Thousands of years ago, the Torah set the world upon a revolutionary path, drastically steering world history and modern civilization, on a trend that continues to this day.
When the Torah describes the creation and emergence of humans, it bestows a defining characteristic that has reverberated through the ages:
וַיִּבְרָא אֱלֹהִים אֶת-הָאָדָם בְּצַלְמוֹ, בְּצֶלֶם אֱלֹהִים בָּרָא אֹתוֹ: זָכָר וּנְקֵבָה, בָּרָא אֹתָם – God created man in His image; in the image of God created He him – male and female, He created them. (1:27)
Different sages from our tradition have taken differing views on Judaism’s defining characteristic; there need not need to be one single foundational principle. The range of principles is sufficiently indicative of what they held to be the Torah’s meta-principles or golden rules that underpin the rest.
Ben Azzai labeled the concept of man in God’s image as the most important principle in the Torah.
Since Judaism believes that God has no shape or form, what can it mean to be the image of a God who has no image?
Traditional explanations of the precise definition range from the more conventional to the more outlandish; but the consequence as R’ Saadia Gaon understands it is that we represent God as ambassadors in a way that animals and plants do not.
R’ Jonathan Sacks explains that the defining feature of the Creation story is God choosing and selecting what to create and how to create it – so to be created in God’s image is to share the godly characteristic of free will. Whereas animals are driven by instinct; humans can make choices.
The language of God’s image was not new to the ancient world, whose leaders were seen as divine. God-kings were once common, such as Egypt’s Pharaoh thousands of years ago, but this concept persists to this day in some places, such as North Korea’s Supreme Leader. The ramification of a god in human form is that he does not answer to mere humans and deserves to be worshipped by his subjects.
The political structure of god-kings is based on the instinctive assumption that the strong have a right to dominate the weak. This logic was and is the justification for all sorts of evils, including slavery, sexism, racism, eugenics, and genocide.
The Torah dismisses the worldviews of a divine right to dominate others out of hand with a simple but elegant statement that humans are fundamentally the same.
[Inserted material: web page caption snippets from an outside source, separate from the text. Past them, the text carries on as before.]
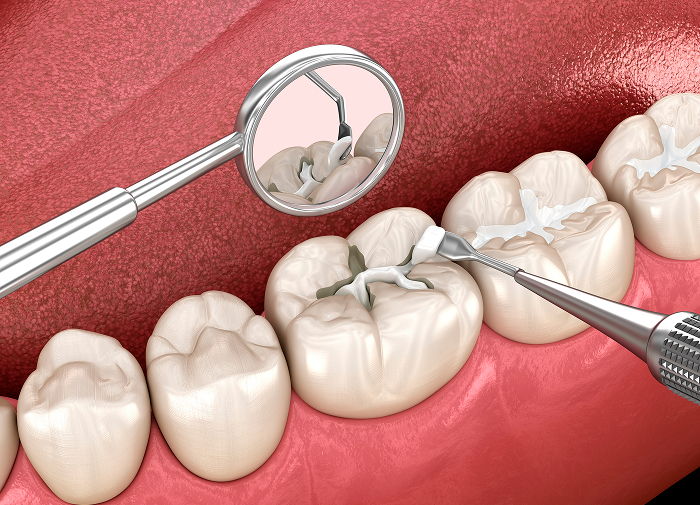 Dental Fillings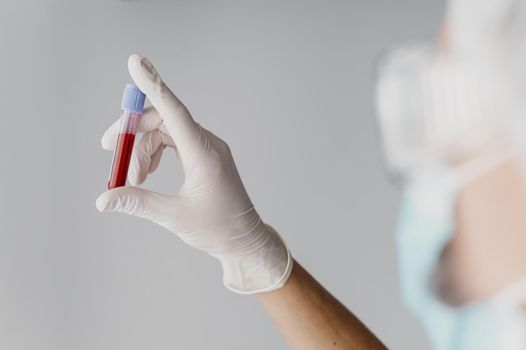 back view doctor holding blood sample. Resolution and high quality beautiful photo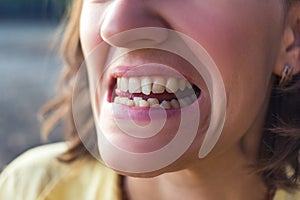 Photo of crooked woman teeth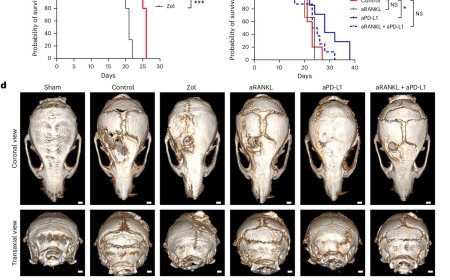 Glioblastomas affect much more than just the brain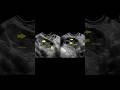 Ultrasound Battle Transvaginal vs Transabdominal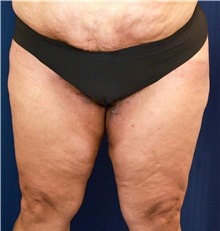 Thigh Lift After Photo by Michael Frederick, MD; Fort Lauderdale, FL - Case 40016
Whatever objects people believed worthy of worship, from sky and stars to seas and serpents, one God created them all, and that one God created all humans in one image. We all answer to God equally – and no one else.
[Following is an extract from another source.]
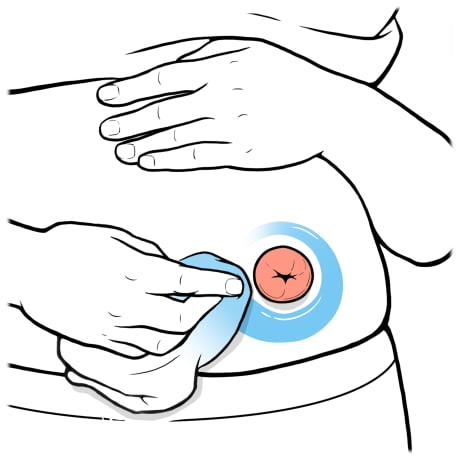 Person holding shirt up with one hand and other hand wiping skin around stoma with wet cloth.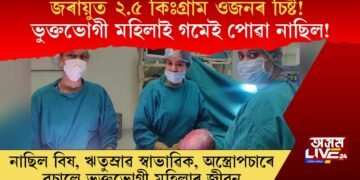 জৰায়ুত ২.৫ কিঃগ্ৰাম ওজনৰ চিষ্ট! ভুক্তভোগী মহিলাই গমেই পোৱা নাছিল! অস্ত্ৰোপচাৰে বচালে জীৱন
R’ Jonathan Sacks notes that God grants humans dominion of the beasts, the birds, and the earth; but tellingly, not other humans. Humans are created free and must respect the dignity of other humans to preserve that freedom.
The Exodus story tells of the birth of the nation as slaves liberated from a powerful ruled by a god-king to show that our God does not respect powerf and that humans must not dominate each other.
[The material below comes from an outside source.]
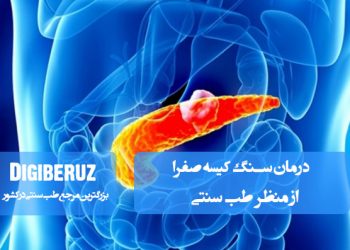 درمان سنگ کیسه صفرا در طب سنتی با استفاده از گیاهان صفراآور، تنظیم مزاج و روشهای طبیعی پاکسازی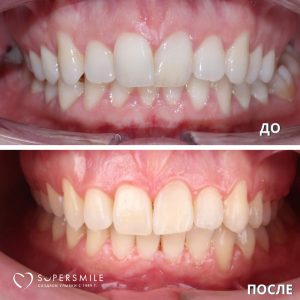 До/После №5279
These powerless Jews were called upon to accept the Torah and live out its principles as role models for humanity. Strength and superiorirty have not carried Judaism through the ages; only adherence to the Torah.
Tellingly, the Torah commands the Jewish People not to hate the Egyptians, but to love the stranger and protect the widows and orphans. The Torah describes not a God of the powerful, but a God of everyone. The Torah’s utopian vision is not apocalypse or victory, but peace and security for all.
The Torah planted the idea of fundamental human equality thousands of years ago, and human history has only trended away from domination and subjugation ever since.
It is all too easy to abuse power, and to hate those not like us. If we love God, we must love the godliness in others.
We differentiate ourselves not by seed or creed; only by deed.